=== Information supplied ===
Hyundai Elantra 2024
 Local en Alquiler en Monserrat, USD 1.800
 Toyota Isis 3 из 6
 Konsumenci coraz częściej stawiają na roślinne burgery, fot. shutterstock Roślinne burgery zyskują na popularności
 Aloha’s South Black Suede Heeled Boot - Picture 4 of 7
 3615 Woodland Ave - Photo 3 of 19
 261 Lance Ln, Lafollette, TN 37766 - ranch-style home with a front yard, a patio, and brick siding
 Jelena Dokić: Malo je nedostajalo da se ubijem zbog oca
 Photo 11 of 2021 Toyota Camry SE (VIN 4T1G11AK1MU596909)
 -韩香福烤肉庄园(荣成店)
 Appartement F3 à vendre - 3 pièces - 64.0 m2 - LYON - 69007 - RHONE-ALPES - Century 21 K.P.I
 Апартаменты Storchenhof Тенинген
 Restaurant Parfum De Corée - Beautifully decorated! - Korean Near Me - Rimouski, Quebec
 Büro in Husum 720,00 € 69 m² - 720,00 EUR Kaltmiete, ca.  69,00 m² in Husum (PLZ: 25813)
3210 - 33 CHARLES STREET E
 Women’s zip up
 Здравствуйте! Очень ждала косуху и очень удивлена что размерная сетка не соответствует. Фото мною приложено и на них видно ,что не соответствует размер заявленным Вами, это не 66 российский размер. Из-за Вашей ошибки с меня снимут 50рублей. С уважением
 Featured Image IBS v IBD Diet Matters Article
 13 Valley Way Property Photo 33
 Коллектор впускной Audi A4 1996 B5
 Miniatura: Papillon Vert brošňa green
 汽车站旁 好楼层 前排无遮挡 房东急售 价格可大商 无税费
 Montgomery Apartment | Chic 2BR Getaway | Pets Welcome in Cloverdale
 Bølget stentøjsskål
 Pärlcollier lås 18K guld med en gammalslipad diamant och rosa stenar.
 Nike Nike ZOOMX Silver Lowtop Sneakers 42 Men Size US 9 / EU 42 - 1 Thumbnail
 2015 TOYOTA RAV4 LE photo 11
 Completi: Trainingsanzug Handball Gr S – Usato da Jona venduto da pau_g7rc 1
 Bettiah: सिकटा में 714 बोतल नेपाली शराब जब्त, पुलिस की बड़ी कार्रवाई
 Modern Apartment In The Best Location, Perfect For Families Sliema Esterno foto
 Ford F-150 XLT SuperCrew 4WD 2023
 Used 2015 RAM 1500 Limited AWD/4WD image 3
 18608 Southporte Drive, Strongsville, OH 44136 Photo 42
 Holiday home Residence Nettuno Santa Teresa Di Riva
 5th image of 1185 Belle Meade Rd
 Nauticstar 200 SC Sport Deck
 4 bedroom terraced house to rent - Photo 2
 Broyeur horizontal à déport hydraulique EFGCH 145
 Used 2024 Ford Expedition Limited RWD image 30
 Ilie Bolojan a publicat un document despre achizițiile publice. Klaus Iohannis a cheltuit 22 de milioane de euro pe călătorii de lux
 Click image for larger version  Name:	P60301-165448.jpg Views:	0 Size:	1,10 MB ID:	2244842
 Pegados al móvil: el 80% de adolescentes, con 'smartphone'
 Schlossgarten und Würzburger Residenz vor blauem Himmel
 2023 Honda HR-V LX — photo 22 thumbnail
===
Reproduce exactly, and with no other material, the lines between those holding "2015 TOYOTA RAV4 LE photo 11" and "Used 2015 RAM 1500 Limited AWD/4WD image 3", inclusive.

 2015 TOYOTA RAV4 LE photo 11
 Completi: Trainingsanzug Handball Gr S – Usato da Jona venduto da pau_g7rc 1
 Bettiah: सिकटा में 714 बोतल नेपाली शराब जब्त, पुलिस की बड़ी कार्रवाई
 Modern Apartment In The Best Location, Perfect For Families Sliema Esterno foto
 Ford F-150 XLT SuperCrew 4WD 2023
 Used 2015 RAM 1500 Limited AWD/4WD image 3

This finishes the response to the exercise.